To help you get the most out of your study or preparation, please let me know: g., standard residency manuals)?
The 4th edition is the most current version. There is also a Chinese translation, "神经内科值班医师手册 = On call: neurology", published in 2022, indicating its international recognition.
Neurological emergencies are among the most stressful and time-sensitive situations in medicine. When a patient presents with a potential stroke, status epilepticus, or sudden neurological decline, clinicians often have mere minutes to make critical decisions that can change a patient’s long-term outcome. Having an accessible, reliable, and portable resource is essential for residents, nurses, and specialists covering neurology on call.
Dedicated charts for reversing anticoagulants (Warfarin, DOACs, Heparin) using PCC or specific reversal agents. 3. Status Epilepticus Protocols
In the high-stakes environment of a hospital, few moments are as anxiety-inducing as the 2:00 AM page from the emergency department: “Patient with acute altered mental status. Possible stroke. Please call ASAP.”
"...the manual guides readers through the initial evaluation, differential diagnosis, a focused neurologic examination, and diagnostic and management plans."
If you would like to customize this guide for your clinical rotations, please let me know:
A targeted, high-yield examination designed for the unresponsive or uncooperative patient.
When a patient is actively seizing, your intervention must be swift to prevent excitotoxic brain injury. Status epilepticus management is highly time-dependent. Phase 1: 0–5 Minutes (Emergent Initial Therapy) Secure the airway and administer supplemental oxygen.

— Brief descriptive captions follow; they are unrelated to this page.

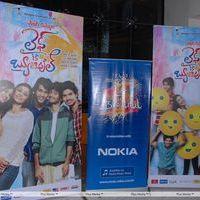 Life is Beautiful Audio Release Pictures | Picture 238100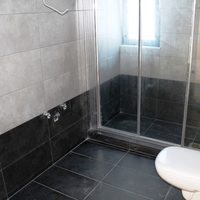 Flat in Greece, 126 sq.m.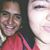 Kevin Hdez's profile image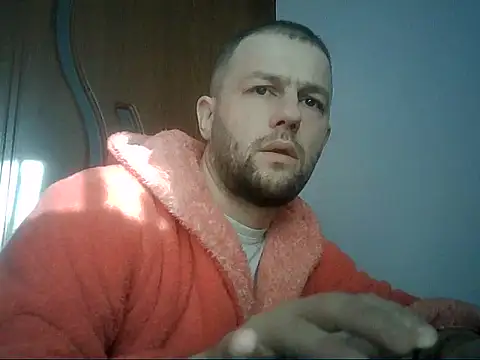 Snapshot of boyseduction chatting on 01.19.25 boyseduction online show from 01.19.25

Note symmetric or asymmetric withdrawal, decerebrate posturing (extensor), or decorticate posturing (flexor). 5. Increased Intracranial Pressure (ICP) & Brain Herniation
Successfully managing acute neurological cases requires a blend of speed, diagnostic precision, and immediate access to evidence-based protocols. For residents and medical students, "Neurology on Call" resources are indispensable tools for navigating high-stakes situations—from the initial phone call to bedside management.

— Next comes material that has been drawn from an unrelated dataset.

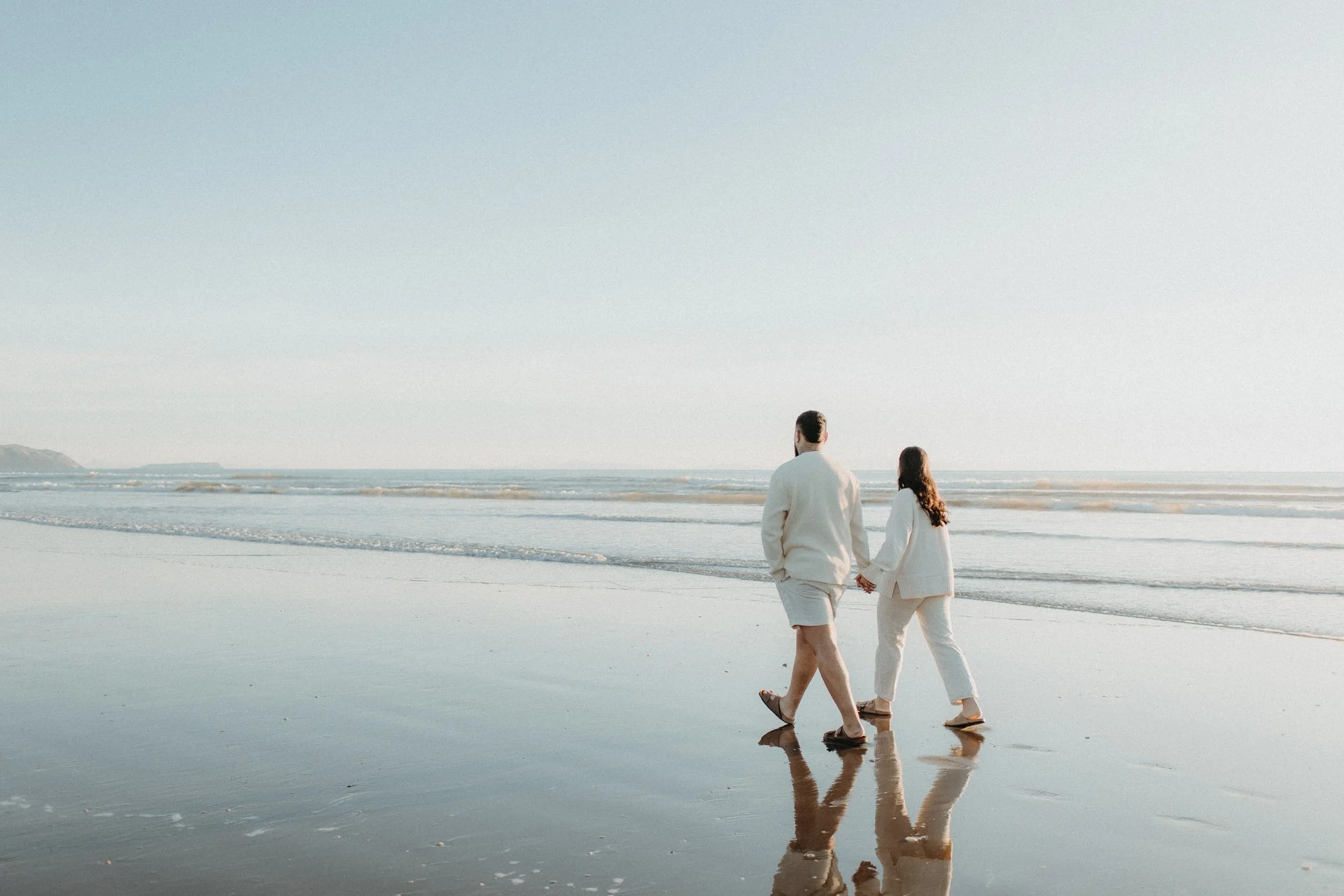 Sarah + Matt-24.jpg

Disclaimer: This article is for educational purposes. Always follow your institution’s protocols and the most current medical guidelines. Obtain medical literature through legal and licensed distributors.
To help you get the most out of your study or preparation, please let me know: g., standard residency manuals)?

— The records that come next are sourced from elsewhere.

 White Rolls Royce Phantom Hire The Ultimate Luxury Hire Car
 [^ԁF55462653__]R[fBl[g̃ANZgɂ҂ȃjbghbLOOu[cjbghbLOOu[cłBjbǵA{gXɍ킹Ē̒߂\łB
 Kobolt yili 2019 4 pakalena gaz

The 4th edition is the most current version. There is also a Chinese translation, "神经内科值班医师手册 = On call: neurology", published in 2022, indicating its international recognition.
Neurological emergencies are among the most stressful and time-sensitive situations in medicine. When a patient presents with a potential stroke, status epilepticus, or sudden neurological decline, clinicians often have mere minutes to make critical decisions that can change a patient’s long-term outcome. Having an accessible, reliable, and portable resource is essential for residents, nurses, and specialists covering neurology on call.
Dedicated charts for reversing anticoagulants (Warfarin, DOACs, Heparin) using PCC or specific reversal agents. 3. Status Epilepticus Protocols neurology on call pdf
In the high-stakes environment of a hospital, few moments are as anxiety-inducing as the 2:00 AM page from the emergency department: “Patient with acute altered mental status. Possible stroke. Please call ASAP.”
"...the manual guides readers through the initial evaluation, differential diagnosis, a focused neurologic examination, and diagnostic and management plans."
If you would like to customize this guide for your clinical rotations, please let me know: To help you get the most out of
A targeted, high-yield examination designed for the unresponsive or uncooperative patient.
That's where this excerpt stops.